_DATA UNDER STUDY_
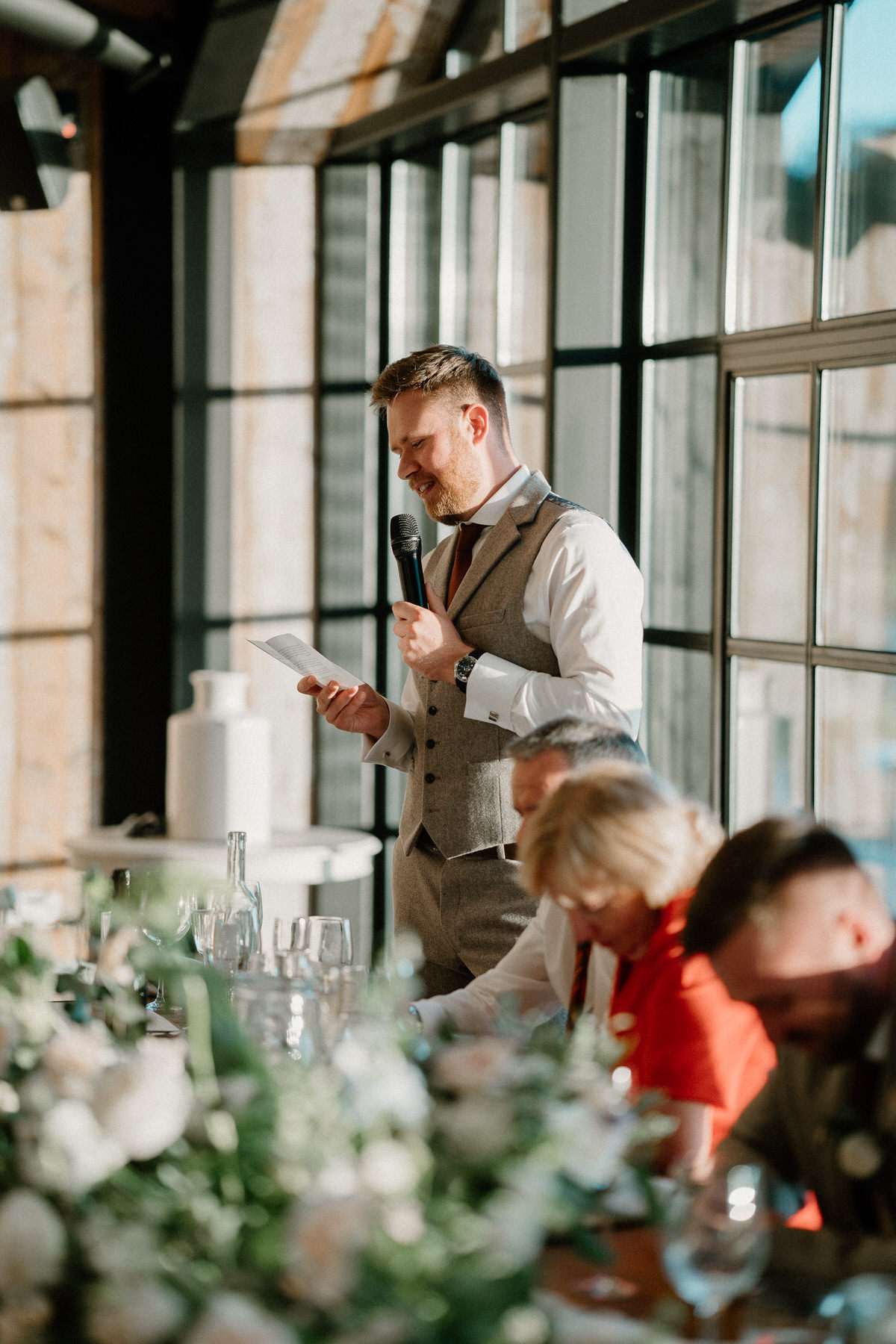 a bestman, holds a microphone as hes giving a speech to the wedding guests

--

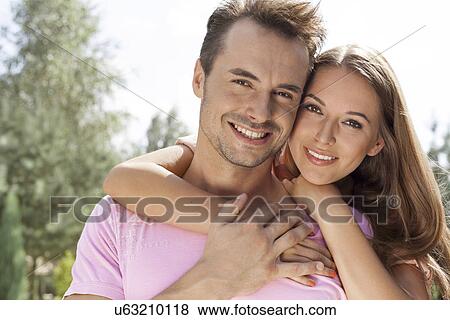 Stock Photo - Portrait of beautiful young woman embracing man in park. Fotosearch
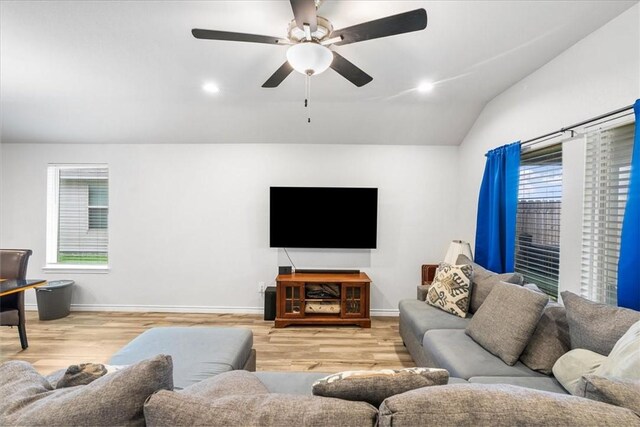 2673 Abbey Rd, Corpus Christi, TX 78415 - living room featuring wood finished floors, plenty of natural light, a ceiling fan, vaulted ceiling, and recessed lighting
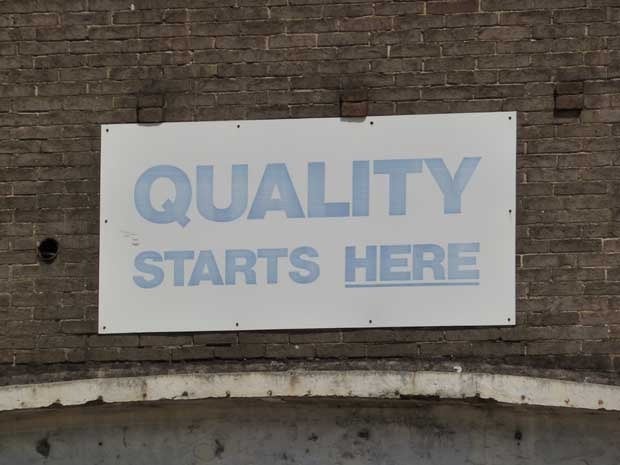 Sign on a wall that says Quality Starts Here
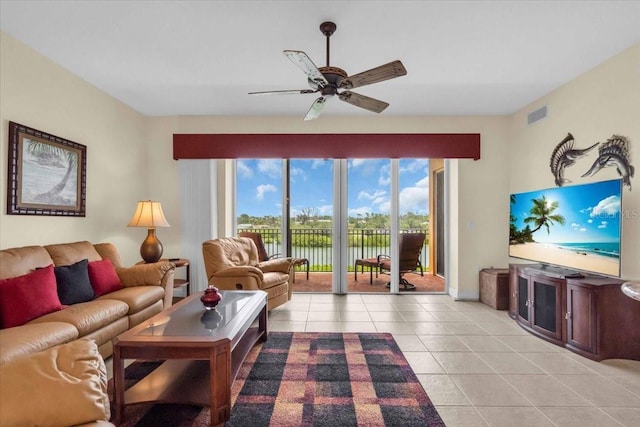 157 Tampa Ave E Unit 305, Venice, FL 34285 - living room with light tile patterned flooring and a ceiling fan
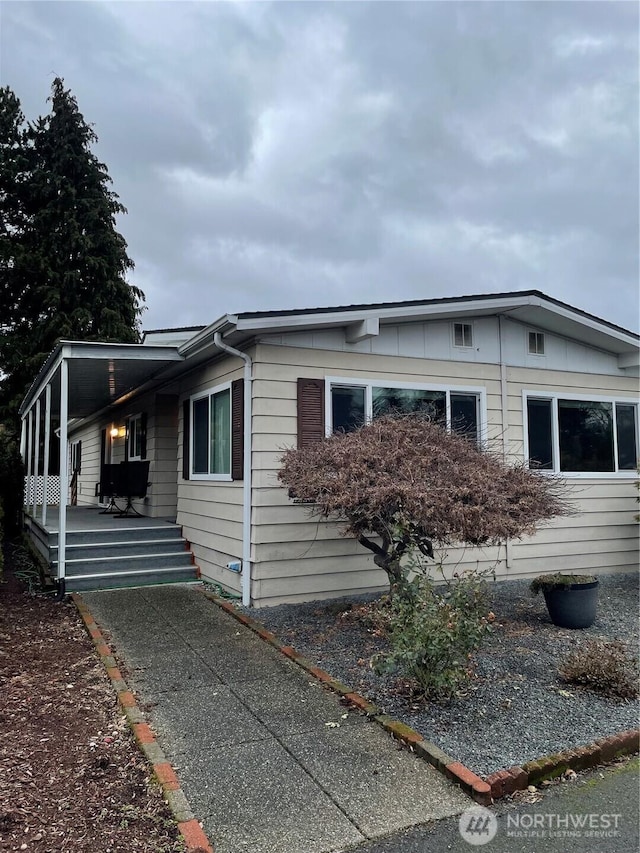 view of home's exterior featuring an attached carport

_EXERCISE INSTRUCTIONS_
Keep to the stretch from the line containing "Stock Photo - Portrait" through the line containing "view of home's", both ends included, and copy it exactly from the listing above, minus the pictures.

_FINISHED TASK_
 Stock Photo - Portrait of beautiful young woman embracing man in park. Fotosearch
 2673 Abbey Rd, Corpus Christi, TX 78415 - living room featuring wood finished floors, plenty of natural light, a ceiling fan, vaulted ceiling, and recessed lighting
 Sign on a wall that says Quality Starts Here
 157 Tampa Ave E Unit 305, Venice, FL 34285 - living room with light tile patterned flooring and a ceiling fan
 view of home's exterior featuring an attached carport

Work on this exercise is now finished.